What are the most cost effective ways of achieving transparency and accountability of basic service delivery? For example, how can we ensure that teachers and health workers in rural areas face the right incentives to do their work? How can one warrant that funds intended to build community roads are actually used that way? More generally, how can one make sure that resources reach the intended beneficiaries without being captured by elites?

There are a wide range of possible solutions, from incentive based pay for civil servants, over community monitoring, publication of budget allocations, enhanced auditing, integrity pledges, legal reform, etc. But how do we know which intervention works best under which circumstances? How do we know which interventions are the most cost effective? How can we make sure we use the limited resources available for anti-corruption work in the most effective manner?

Randomized controlled trials are beginning to shed some light on some of these questions.

Why use RCTs to address these?

RCTs are considered the most rigorous way to assess the causal effects of an intervention. When we think about impact, we are really asking two questions: First, what would have happened in the absence of the intervention?  Second, how does the situation with the intervention compare to the counterfactual? Answering the first question is non-trivial. The world we live in is complex. Many different influences take place at the same time, making it difficult to attribute any observed change to one single event.

Things get even more complicated when the uptake of a program is self-initiated. Different types of governments, communities or individuals select into different programs, making any before-after comparisons prone to bias. Say we want to know the impact of publishing budget allocations in local communities. Uptake of the program is up to the local leadership of the community. A study compares the change in the percentage of funds leaked across communities who adopted the program and those who did not. It finds that those who adopted the program significantly reduced the share of leaked funds. What can we conclude about the effectiveness of the program? Unfortunately, nothing. First, communities who adopt the program are likely to be different in the first place: They may have a more active civil society, politicians with better intentions, or have more pressure to ‘clean up’. This may mean that they were on a different trend all along. It may also mean that they adopted other measures simultaneously, precisely because they had an interest in improving accountability.

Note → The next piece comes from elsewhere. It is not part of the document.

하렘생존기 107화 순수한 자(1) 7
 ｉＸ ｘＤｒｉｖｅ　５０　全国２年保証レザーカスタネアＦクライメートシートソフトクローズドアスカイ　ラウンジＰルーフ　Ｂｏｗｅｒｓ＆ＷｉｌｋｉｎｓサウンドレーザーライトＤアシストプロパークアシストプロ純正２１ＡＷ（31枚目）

RCTs allow us to get around these challenges by constructing a valid counterfactual. For example, to evaluate this program one would identify a pool of two hundred eligible communities and randomly select one hundred that will receive the program (the treatment group) and one hundred which will not (at least not at this same time – the control group). Comparing outcomes between the treatment and control group, say two years later, allows isolating the actual impact of the program itself. Due to the randomization, unobservable characteristics such as intrinsic motivation, activity of civil society etc. are by expectation the same across treatment and control group. General time trends, such as other government programs implemented, economic growth etc. should be the same across both groups, allowing us to control for those.

Some answers, and more questions

In recent years, development economists and political scientists have started addressing some of the questions around governance and accountability by measuring the impact of different interventions through randomized controlled trials. A few findings from these studies and remaining open questions are highlighted below.

The first question is whether participatory community monitoring initiatives or government audits are more effective in curbing corruption, and in which types of programs. Ben Olken’s experimental work in Indonesia points to the conclusion that community monitoring can be very effective if (a) leakage is easily detectable by laypeople and (b) if the monitoring concerns the provision of private goods (such as salaries in a public works program). If, on the other hand, the monitored service provision is related to public goods (such as roads) or if leakage is hard to detect by laypeople, its effectiveness is limited. Olken’s work suggests that in these circumstances independent audits are more effective. 1 More work is needed to explore whether these patterns hold in other contexts.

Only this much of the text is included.